In this webinar, we will introduce networks and their application in a fraud detection setting. We will show how to translate unstructured network information into useful and meaningful characteristics of a subject. We will extract features from the subject’s neighborhood as well as the network as a whole and demonstrate how these network-based features can be used to enrich traditional data analysis techniques.

Bio:
María Óskarsdóttir holds a Ph.D. in Business Analytics from KU Leuven, Belgium, and a Master’s degree in Mathematics form the Leibniz Universität Hannover in Germany. She is currently a post-doctoral researcher in insurance analytics at the Faculty of Economics and Business, KU Leuven, where her research puts focus on applying social network analytics techniques for predictive modeling in marketing, credit scoring and insurance. She has published papers in international peer-reviewed journals like Expert Systems with Applications and Business & Information Systems Engineering.

Registration Fees:
Member of the Section on Statistical Consulting: $20
ASA Member: $65
Nonmember: $85

Each registration is allowed one web connection and one audio connection. Multiple persons are encouraged to view each registered connection (for example, by projecting the webinar in a conference room).

Register

Access Information
Registered persons will be sent an email the afternoon of Friday, February 15, with the access information to join the webinar and the link to download and print a copy of the presentation slides.

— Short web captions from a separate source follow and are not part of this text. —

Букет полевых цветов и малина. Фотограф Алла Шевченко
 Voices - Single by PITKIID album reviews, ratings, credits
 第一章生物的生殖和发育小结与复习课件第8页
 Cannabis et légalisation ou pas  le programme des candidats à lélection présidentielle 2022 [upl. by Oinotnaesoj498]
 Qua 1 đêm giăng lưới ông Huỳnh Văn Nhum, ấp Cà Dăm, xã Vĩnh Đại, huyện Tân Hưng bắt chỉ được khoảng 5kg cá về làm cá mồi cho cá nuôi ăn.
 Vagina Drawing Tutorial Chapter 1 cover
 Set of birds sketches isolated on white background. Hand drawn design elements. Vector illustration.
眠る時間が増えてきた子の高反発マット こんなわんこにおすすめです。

Title: Wearable and Implantable Technology (WIT) with Biopharmaceutical Applications
Presenter: Ciprian Crainiceanu, Professor, Department of Biostatistics at Johns Hopkins University
Date and Time: Wednesday, February 20, 2019, 12:00 p.m. – 2:00 p.m. Eastern time
Sponsor: Biopharmaceutical Section

Registration Deadline: Monday, February 18, at 12:00 p.m. Eastern time

Description:
Wearable and Implantable Technology (WIT) is rapidly changing the data analytic landscape due to their reduced bias and measurement error as well as to the sheer size and complexity of the recorded signals. In this talk I will review some of the most used and useful sensors in the ever-expanding WIT analytic environment and their potential impact on Biopharmaceutical research. I will describe the use of accelerometers, heart and glucose monitors, as well as their combination with ecological momentary assessment (EMA) for improved patient reported outcomes. Several case studies highlighting the application of WIT in clinical trials will be provided. I will introduce an array of scientific problems that can be answered using WIT and describe methods designed to analyze the WIT data from the micro- (sub-second-level) to the macro-scale (minute-, hour- or day-level) data. Based on a better understanding of the WIT data, I will show how the design of experiments can be improved for specific Biopharmaceutical interventions.

Bio:
Dr. Crainiceanu received his PhD from Cornell University in 2003 and is currently a Professor in the Department of Biostatistics at Johns Hopkins University. He leads two research groups: The Statistical Methods and Applications for Research in Technology (SMART, http://www.smart-stats.org) and the Wearable and Implantable Technology (WIT). His research is focused on wearable devices (accelerometers, heart monitors, gps devices, glucometers, ecological momentary assessment) as well as clinical brain imaging, especially CT and structural MRI. Dr Crainiceanu is a Fellow of the American Statistical Association and a recipient of the Myrtro Leftkopoulou award.

Registration Fees:
Biopharmaceutical Section Members: $0
ASA Members: $59
Nonmembers: $74

Each registration is allowed one web connection. Sound is received via audio streaming from your computer’s speakers. Multiple persons are encouraged to view each registered connection (for example, by projecting the webinar in a conference room).

Register

Access Information
Registered persons will be sent an email the afternoon of Monday, February 18, with the access information to join the webinar and the link to download and print a copy of the presentation slides.